MATERIAL FOR THE TASK: Begin

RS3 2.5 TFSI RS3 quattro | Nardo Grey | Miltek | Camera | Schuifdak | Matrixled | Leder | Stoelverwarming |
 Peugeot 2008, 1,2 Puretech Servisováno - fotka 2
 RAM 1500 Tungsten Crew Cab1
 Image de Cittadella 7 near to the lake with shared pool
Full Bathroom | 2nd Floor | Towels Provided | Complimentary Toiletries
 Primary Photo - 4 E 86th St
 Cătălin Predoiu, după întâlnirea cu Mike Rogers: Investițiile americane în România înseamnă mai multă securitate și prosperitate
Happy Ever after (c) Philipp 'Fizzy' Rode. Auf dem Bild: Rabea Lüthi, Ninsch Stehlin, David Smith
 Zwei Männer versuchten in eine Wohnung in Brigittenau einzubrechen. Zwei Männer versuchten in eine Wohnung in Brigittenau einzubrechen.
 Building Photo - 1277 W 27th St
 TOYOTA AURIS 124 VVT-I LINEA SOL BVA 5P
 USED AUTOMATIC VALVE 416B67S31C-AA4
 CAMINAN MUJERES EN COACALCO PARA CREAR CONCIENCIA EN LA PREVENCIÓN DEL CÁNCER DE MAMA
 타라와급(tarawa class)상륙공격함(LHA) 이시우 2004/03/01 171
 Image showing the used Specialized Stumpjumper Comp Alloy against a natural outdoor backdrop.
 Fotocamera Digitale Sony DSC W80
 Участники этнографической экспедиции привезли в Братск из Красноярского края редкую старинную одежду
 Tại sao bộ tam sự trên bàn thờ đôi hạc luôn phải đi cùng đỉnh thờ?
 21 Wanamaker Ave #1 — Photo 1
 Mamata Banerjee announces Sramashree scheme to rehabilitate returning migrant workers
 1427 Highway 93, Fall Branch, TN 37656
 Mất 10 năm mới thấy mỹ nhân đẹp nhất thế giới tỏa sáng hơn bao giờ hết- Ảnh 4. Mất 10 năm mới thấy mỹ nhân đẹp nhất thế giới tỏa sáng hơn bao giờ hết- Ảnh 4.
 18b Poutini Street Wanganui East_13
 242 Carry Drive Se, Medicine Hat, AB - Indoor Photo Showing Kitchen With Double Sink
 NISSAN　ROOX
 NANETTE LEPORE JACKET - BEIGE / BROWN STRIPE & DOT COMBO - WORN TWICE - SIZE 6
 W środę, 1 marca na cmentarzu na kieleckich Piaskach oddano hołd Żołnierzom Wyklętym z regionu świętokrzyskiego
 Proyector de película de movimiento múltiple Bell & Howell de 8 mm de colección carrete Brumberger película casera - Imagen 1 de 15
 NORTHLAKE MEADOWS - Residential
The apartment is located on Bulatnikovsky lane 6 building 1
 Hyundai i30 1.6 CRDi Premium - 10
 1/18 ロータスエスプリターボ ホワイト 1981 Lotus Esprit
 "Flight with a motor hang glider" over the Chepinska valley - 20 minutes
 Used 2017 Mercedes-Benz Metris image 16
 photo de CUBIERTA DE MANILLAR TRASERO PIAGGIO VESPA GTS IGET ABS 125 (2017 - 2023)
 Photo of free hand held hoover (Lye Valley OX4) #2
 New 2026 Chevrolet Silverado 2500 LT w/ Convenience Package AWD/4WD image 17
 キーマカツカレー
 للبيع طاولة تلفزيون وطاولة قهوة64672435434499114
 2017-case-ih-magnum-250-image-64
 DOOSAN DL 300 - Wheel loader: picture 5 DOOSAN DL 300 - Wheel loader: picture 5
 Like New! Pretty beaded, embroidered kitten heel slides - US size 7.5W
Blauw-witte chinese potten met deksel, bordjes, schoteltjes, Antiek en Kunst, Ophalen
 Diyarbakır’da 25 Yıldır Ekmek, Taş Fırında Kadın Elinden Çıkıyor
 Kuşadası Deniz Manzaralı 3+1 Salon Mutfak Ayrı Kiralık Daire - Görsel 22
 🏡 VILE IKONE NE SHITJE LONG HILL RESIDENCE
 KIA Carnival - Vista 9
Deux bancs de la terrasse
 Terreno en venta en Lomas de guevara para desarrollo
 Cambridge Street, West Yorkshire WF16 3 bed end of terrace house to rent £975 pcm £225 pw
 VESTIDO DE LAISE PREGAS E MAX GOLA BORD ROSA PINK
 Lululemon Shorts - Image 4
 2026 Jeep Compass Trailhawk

MATERIAL FOR THE TASK: End

** EXERCISE PROMPT **
An exact transcript of all the records is the expected result.

** YOUR SOLUTION **
RS3 2.5 TFSI RS3 quattro | Nardo Grey | Miltek | Camera | Schuifdak | Matrixled | Leder | Stoelverwarming |
 Peugeot 2008, 1,2 Puretech Servisováno - fotka 2
 RAM 1500 Tungsten Crew Cab1
 Image de Cittadella 7 near to the lake with shared pool
Full Bathroom | 2nd Floor | Towels Provided | Complimentary Toiletries
 Primary Photo - 4 E 86th St
 Cătălin Predoiu, după întâlnirea cu Mike Rogers: Investițiile americane în România înseamnă mai multă securitate și prosperitate
Happy Ever after (c) Philipp 'Fizzy' Rode. Auf dem Bild: Rabea Lüthi, Ninsch Stehlin, David Smith
 Zwei Männer versuchten in eine Wohnung in Brigittenau einzubrechen. Zwei Männer versuchten in eine Wohnung in Brigittenau einzubrechen.
 Building Photo - 1277 W 27th St
 TOYOTA AURIS 124 VVT-I LINEA SOL BVA 5P
 USED AUTOMATIC VALVE 416B67S31C-AA4
 CAMINAN MUJERES EN COACALCO PARA CREAR CONCIENCIA EN LA PREVENCIÓN DEL CÁNCER DE MAMA
 타라와급(tarawa class)상륙공격함(LHA) 이시우 2004/03/01 171
 Image showing the used Specialized Stumpjumper Comp Alloy against a natural outdoor backdrop.
 Fotocamera Digitale Sony DSC W80
 Участники этнографической экспедиции привезли в Братск из Красноярского края редкую старинную одежду
 Tại sao bộ tam sự trên bàn thờ đôi hạc luôn phải đi cùng đỉnh thờ?
 21 Wanamaker Ave #1 — Photo 1
 Mamata Banerjee announces Sramashree scheme to rehabilitate returning migrant workers
 1427 Highway 93, Fall Branch, TN 37656
 Mất 10 năm mới thấy mỹ nhân đẹp nhất thế giới tỏa sáng hơn bao giờ hết- Ảnh 4. Mất 10 năm mới thấy mỹ nhân đẹp nhất thế giới tỏa sáng hơn bao giờ hết- Ảnh 4.
 18b Poutini Street Wanganui East_13
 242 Carry Drive Se, Medicine Hat, AB - Indoor Photo Showing Kitchen With Double Sink
 NISSAN　ROOX
 NANETTE LEPORE JACKET - BEIGE / BROWN STRIPE & DOT COMBO - WORN TWICE - SIZE 6
 W środę, 1 marca na cmentarzu na kieleckich Piaskach oddano hołd Żołnierzom Wyklętym z regionu świętokrzyskiego
 Proyector de película de movimiento múltiple Bell & Howell de 8 mm de colección carrete Brumberger película casera - Imagen 1 de 15
 NORTHLAKE MEADOWS - Residential
The apartment is located on Bulatnikovsky lane 6 building 1
 Hyundai i30 1.6 CRDi Premium - 10
 1/18 ロータスエスプリターボ ホワイト 1981 Lotus Esprit
 "Flight with a motor hang glider" over the Chepinska valley - 20 minutes
 Used 2017 Mercedes-Benz Metris image 16
 photo de CUBIERTA DE MANILLAR TRASERO PIAGGIO VESPA GTS IGET ABS 125 (2017 - 2023)
 Photo of free hand held hoover (Lye Valley OX4) #2
 New 2026 Chevrolet Silverado 2500 LT w/ Convenience Package AWD/4WD image 17
 キーマカツカレー
 للبيع طاولة تلفزيون وطاولة قهوة64672435434499114
 2017-case-ih-magnum-250-image-64
 DOOSAN DL 300 - Wheel loader: picture 5 DOOSAN DL 300 - Wheel loader: picture 5
 Like New! Pretty beaded, embroidered kitten heel slides - US size 7.5W
Blauw-witte chinese potten met deksel, bordjes, schoteltjes, Antiek en Kunst, Ophalen
 Diyarbakır’da 25 Yıldır Ekmek, Taş Fırında Kadın Elinden Çıkıyor
 Kuşadası Deniz Manzaralı 3+1 Salon Mutfak Ayrı Kiralık Daire - Görsel 22
 🏡 VILE IKONE NE SHITJE LONG HILL RESIDENCE
 KIA Carnival - Vista 9
Deux bancs de la terrasse
 Terreno en venta en Lomas de guevara para desarrollo
 Cambridge Street, West Yorkshire WF16 3 bed end of terrace house to rent £975 pcm £225 pw
 VESTIDO DE LAISE PREGAS E MAX GOLA BORD ROSA PINK
 Lululemon Shorts - Image 4
 2026 Jeep Compass Trailhawk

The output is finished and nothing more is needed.